The Fuel Research Organisation was the first research organisation set up by the Department of Scientific and Industrial Research, the emphasis on the importance of undertaking research in fuel problems reflecting anxiety about the long-term adequacy and inefficient utilisation of the nation's coal resources. That anxiety had found expression in the appointment by the Reconstruction Committee of a Sub-committee on Coal Conservation, and the decision to set up a fuel research organisation was the result of joint deliberations with that body and the British Association's Committee on Fuel Economy. Consequently a Fuel Research Board, with responsibility for the promotion and co-ordination of research into fuel, and a director of fuel research, were appointed by the committee of the Privy Council in February 1917. In its first report in March that year the board laid down two main lines of enquiry: a practical survey of the coal resources of Great Britain, and experimental investigation of more economical and efficient methods for the preparation of coal and its solid, liquid and gaseous products. In particular, absence of natural supplies of mineral oil necessitated research into producing more oil from coal than was obtained as a by-product of gas and coke manufacture; and it was quickly decided to build a new Fuel Research Station. This was established in 1919, the first new research establishment to be set up by the department.

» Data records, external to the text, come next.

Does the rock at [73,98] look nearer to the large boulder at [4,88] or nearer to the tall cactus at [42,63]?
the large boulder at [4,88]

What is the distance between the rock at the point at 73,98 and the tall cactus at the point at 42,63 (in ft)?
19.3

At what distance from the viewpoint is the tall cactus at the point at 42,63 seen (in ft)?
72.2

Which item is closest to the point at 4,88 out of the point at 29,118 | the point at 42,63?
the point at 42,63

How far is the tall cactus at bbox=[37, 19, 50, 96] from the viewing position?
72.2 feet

For the coal survey, a collection of maps and general data was begun in 1917, and in 1919 a Survey Department of the board was organised to collect, sift, classify and register information. The board used local committees in each coal mining area to collect data. The organisation also included a number of coal survey laboratories in the principal coalfields to conduct a chemical and physical survey of the coal seams of the country. In August 1947 responsibility for the coal survey was transferred to the National Coal Board; the coal survey laboratories passed to that board and the coal survey committees, reduced in number, were reconstituted as committees of its divisional boards.
When responsibility for the investigation of atmospheric pollution was transferred to the department from the Air Ministry in April 1927, the work was placed under the supervision of the Fuel Research Board, assisted by an Atmospheric Pollution Research Committee, although from April 1930 to April 1945 the committee was a committee of the department rather than the board.

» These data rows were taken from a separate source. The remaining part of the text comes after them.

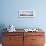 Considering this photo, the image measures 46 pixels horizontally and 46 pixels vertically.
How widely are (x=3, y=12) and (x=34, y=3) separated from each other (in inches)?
42.1

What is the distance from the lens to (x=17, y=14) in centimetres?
389

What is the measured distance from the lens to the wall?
387 centimetres

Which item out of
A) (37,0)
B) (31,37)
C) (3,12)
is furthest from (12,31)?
(37,0)

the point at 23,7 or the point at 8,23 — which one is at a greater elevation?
the point at 23,7

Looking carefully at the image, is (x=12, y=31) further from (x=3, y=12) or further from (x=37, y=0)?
(x=37, y=0)

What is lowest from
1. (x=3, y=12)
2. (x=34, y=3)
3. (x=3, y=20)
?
(x=3, y=20)

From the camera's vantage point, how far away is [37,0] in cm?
388

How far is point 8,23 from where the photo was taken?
154 inches

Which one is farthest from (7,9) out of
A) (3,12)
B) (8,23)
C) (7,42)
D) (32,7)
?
(7,42)

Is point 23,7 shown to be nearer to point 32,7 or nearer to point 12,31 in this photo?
point 32,7

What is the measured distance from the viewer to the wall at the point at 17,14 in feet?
12.7

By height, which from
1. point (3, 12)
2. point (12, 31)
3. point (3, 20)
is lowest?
point (12, 31)

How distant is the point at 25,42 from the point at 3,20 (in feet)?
3.58

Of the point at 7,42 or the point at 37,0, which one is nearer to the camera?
the point at 7,42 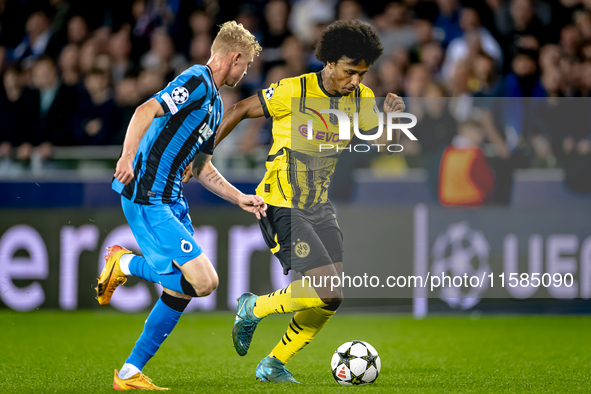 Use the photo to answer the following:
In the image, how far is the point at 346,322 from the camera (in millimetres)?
→ 7605

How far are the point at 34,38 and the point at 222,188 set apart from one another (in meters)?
5.82

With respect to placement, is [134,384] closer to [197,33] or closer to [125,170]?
[125,170]

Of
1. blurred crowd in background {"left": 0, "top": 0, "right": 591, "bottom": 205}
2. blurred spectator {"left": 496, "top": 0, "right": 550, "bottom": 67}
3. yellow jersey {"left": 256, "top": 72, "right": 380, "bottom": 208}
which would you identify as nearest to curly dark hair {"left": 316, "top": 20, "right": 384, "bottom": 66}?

In 1943 a Standing Consultative Conference on Fuel Research was formed by the department to co-ordinate the activities of the Fuel Research Board and industrial research associations dealing with fuel research, who were represented on it. In November 1948 it was disbanded, responsibility for the co-ordination of fuel research being passed to the Ministry of Fuel and Power, which thereafter had its own Scientific Advisory Council.
The Fuel Research Station itself was established at East Greenwich with responsibility for undertaking a comprehensive plan of research into fuel, including resources, the preparation of manufactured fuels and methods of consumption. From 1927 it also undertook investigations of atmospheric pollution formerly conducted by the Air Ministry; in 1947 its work in relation to the coal survey was transferred to the National Coal Board. In 1958 the Fuel Research Board was replaced by a steering committee of the Research Council and the research station closed down, its work being either terminated or transferred to the new Warren Spring Laboratory. A Scottish branch of the station set up at Thorntonhall in 1949 subsequently became a branch of the Warren Spring Laboratory.